# Short web captions
########################################

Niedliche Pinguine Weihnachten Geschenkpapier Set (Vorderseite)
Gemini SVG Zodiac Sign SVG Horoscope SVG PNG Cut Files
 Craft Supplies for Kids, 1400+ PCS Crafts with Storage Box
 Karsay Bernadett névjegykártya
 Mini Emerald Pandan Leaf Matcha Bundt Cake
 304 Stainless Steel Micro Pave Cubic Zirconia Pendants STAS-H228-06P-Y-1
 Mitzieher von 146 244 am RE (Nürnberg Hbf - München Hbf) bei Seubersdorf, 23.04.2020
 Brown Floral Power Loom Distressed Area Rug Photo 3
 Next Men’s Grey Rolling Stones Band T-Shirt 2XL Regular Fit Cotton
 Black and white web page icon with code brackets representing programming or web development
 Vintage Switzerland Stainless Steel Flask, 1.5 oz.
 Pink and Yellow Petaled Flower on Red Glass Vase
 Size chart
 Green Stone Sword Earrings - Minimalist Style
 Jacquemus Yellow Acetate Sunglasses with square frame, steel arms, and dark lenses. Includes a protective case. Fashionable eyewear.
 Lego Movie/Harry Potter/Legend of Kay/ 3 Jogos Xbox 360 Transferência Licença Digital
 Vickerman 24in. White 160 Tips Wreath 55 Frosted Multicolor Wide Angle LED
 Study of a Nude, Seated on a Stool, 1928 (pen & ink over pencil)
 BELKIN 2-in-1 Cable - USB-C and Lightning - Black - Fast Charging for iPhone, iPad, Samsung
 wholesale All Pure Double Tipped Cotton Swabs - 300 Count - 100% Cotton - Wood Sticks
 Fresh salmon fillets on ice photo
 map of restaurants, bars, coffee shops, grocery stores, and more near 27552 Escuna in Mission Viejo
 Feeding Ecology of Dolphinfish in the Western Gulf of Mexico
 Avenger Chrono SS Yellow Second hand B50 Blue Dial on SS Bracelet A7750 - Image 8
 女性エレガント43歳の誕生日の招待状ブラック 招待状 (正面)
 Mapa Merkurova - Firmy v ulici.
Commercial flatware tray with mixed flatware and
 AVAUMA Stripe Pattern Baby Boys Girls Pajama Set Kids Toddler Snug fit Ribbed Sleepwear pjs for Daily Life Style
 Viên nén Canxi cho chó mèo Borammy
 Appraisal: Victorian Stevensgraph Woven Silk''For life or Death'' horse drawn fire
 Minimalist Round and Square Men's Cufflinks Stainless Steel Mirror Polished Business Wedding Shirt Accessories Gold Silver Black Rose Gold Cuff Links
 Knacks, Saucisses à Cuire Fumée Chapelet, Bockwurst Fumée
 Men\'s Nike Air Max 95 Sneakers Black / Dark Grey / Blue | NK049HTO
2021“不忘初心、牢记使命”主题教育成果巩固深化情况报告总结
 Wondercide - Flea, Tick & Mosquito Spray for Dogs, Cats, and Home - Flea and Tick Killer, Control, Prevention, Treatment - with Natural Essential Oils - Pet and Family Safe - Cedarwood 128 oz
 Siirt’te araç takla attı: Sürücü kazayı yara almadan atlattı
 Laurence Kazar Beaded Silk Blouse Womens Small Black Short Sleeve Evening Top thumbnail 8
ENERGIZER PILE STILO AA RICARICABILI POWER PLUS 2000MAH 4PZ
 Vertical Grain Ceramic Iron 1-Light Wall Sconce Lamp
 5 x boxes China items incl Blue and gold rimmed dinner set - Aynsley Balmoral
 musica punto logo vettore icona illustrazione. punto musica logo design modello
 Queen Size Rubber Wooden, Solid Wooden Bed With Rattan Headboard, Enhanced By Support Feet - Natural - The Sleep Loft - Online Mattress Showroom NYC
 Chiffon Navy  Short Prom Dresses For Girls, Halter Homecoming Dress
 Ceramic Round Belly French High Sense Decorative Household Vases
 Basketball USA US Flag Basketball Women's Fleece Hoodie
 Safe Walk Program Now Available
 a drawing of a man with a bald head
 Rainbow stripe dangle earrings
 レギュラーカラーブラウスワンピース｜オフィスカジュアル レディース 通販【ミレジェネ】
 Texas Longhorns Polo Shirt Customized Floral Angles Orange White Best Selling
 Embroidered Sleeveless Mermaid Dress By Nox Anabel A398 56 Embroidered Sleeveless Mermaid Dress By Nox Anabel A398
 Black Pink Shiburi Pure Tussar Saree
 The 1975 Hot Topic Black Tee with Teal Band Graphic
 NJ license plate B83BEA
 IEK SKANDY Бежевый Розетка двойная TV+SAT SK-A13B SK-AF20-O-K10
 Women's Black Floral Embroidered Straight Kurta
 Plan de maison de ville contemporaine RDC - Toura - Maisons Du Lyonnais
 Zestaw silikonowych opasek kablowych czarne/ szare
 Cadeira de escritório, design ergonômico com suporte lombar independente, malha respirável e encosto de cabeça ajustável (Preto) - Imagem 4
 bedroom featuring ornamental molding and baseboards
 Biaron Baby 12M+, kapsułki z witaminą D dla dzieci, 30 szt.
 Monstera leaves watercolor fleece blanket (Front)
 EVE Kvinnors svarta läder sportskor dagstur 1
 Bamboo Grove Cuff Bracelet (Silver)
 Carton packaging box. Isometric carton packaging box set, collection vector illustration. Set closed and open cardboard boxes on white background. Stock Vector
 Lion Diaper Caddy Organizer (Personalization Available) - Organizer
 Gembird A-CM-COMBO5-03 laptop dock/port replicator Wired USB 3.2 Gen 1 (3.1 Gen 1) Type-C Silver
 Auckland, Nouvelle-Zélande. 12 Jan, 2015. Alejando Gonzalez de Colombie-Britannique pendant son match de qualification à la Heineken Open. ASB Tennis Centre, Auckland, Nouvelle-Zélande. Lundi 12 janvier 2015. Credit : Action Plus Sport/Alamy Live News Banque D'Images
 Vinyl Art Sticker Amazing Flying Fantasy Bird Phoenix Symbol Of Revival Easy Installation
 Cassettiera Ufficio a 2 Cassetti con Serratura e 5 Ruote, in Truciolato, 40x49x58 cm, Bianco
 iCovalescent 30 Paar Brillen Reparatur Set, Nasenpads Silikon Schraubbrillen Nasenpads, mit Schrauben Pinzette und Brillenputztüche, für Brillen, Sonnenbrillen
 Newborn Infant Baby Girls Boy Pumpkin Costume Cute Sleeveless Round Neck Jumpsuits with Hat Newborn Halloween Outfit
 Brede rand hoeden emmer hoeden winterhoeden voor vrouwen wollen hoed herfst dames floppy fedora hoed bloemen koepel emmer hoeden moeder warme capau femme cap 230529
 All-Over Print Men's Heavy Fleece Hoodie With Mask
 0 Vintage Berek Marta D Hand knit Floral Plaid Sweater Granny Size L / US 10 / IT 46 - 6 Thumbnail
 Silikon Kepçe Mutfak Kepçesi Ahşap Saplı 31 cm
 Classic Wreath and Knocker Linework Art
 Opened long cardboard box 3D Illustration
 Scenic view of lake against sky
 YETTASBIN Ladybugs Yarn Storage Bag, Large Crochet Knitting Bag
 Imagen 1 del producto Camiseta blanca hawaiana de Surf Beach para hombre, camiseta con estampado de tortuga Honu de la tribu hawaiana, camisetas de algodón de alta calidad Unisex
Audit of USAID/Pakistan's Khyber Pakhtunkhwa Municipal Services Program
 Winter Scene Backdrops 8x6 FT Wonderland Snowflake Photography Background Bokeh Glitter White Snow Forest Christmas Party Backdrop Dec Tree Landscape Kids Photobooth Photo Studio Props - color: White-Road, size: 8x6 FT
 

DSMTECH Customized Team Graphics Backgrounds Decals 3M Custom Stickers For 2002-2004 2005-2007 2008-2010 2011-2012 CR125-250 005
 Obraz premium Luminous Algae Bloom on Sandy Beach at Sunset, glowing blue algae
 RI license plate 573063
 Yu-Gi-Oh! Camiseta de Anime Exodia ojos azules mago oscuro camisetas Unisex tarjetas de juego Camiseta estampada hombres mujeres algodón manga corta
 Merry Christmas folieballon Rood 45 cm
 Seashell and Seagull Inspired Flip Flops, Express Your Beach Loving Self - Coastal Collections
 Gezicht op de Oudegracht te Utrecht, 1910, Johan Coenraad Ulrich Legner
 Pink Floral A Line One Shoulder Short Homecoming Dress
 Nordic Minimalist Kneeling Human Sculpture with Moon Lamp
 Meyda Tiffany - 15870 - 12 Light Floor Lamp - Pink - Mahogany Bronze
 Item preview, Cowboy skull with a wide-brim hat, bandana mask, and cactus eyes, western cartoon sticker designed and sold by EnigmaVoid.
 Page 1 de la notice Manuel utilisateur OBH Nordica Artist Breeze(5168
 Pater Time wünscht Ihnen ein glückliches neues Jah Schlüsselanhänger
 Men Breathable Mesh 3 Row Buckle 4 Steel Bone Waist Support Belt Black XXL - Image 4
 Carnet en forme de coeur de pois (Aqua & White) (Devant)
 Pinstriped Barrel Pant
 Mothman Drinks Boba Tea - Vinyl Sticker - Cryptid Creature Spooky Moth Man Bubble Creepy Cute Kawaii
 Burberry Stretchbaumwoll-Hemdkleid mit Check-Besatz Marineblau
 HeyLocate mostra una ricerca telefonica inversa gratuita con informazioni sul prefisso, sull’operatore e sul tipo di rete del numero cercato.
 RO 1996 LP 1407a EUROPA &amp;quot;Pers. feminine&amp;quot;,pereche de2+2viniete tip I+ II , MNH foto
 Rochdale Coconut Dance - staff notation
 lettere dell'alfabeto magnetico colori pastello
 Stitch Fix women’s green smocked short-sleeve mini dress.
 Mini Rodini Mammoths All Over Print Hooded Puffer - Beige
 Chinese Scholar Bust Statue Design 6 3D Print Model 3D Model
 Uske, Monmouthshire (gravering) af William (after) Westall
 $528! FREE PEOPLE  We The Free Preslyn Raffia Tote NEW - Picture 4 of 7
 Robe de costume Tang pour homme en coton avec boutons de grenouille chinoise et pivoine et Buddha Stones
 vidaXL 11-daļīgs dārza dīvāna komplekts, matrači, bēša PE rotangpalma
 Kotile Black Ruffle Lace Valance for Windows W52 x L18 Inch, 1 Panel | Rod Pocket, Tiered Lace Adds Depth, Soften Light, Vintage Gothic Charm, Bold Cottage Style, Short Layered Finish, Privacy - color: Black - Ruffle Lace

########################################

Copy the lines of the entries above that mention "Camiseta".

# PROBLEM SOLUTION
 Imagen 1 del producto Camiseta blanca hawaiana de Surf Beach para hombre, camiseta con estampado de tortuga Honu de la tribu hawaiana, camisetas de algodón de alta calidad Unisex
 Yu-Gi-Oh! Camiseta de Anime Exodia ojos azules mago oscuro camisetas Unisex tarjetas de juego Camiseta estampada hombres mujeres algodón manga corta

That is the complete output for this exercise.